### Collected material
---

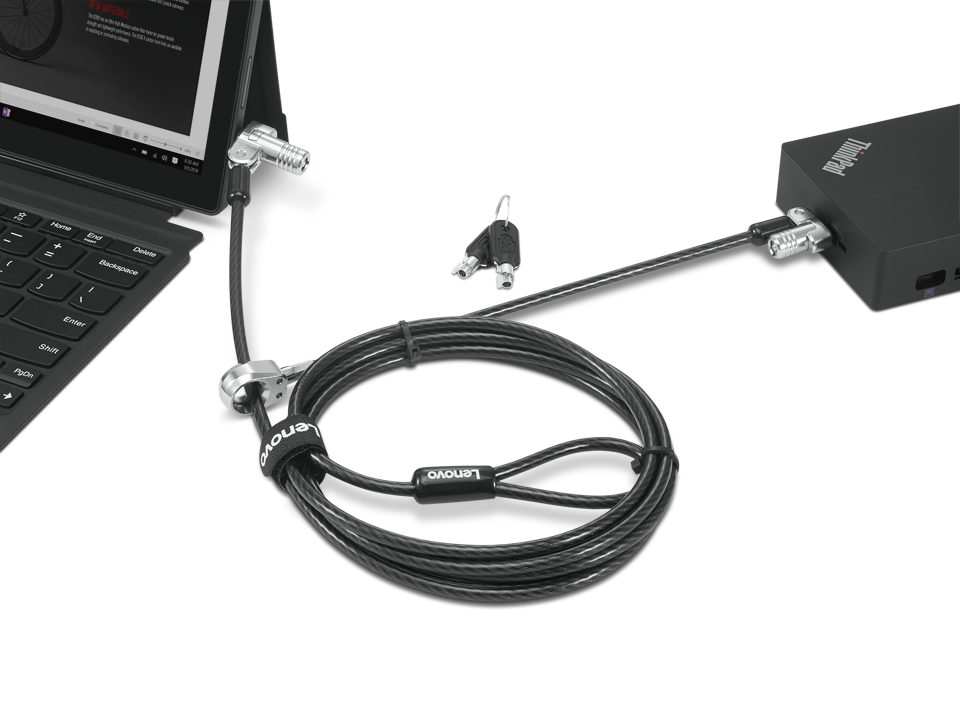 Kensington NanoSaver Twin Head Cable Lock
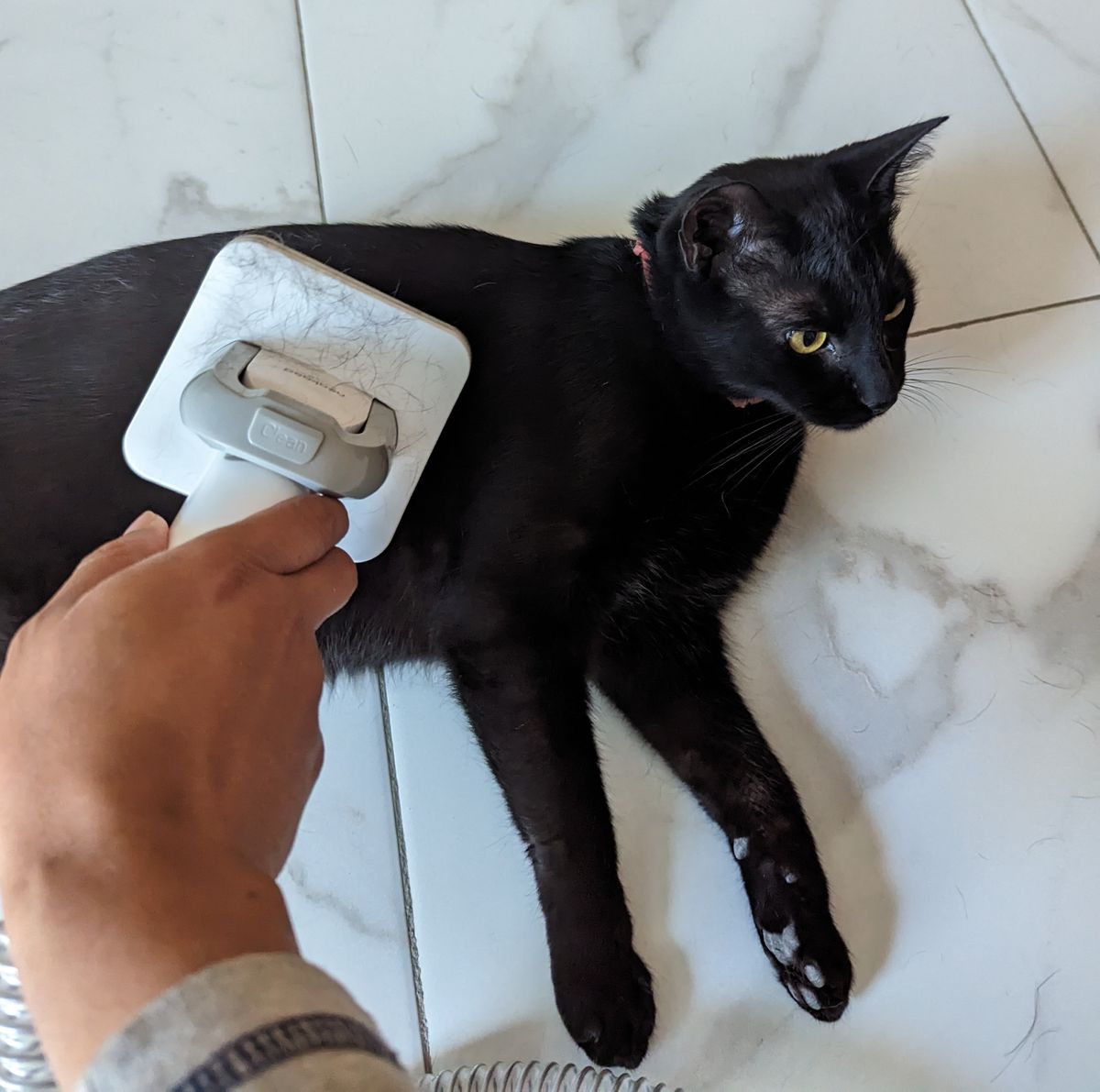 F&eacute;lix usando el P1 Pro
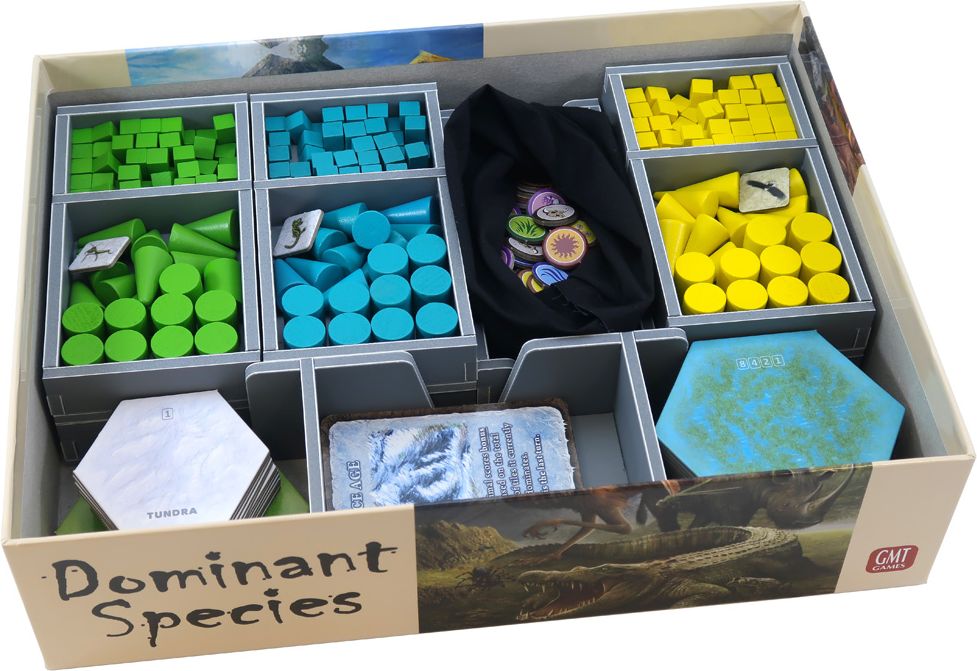 Folded Space Dominant Species insert - obrázek 1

---

### Your objective
Print every line of the material above exactly as it reads, skipping the pictures.

### Answer to the problem
 Kensington NanoSaver Twin Head Cable Lock
 F&eacute;lix usando el P1 Pro
 Folded Space Dominant Species insert - obrázek 1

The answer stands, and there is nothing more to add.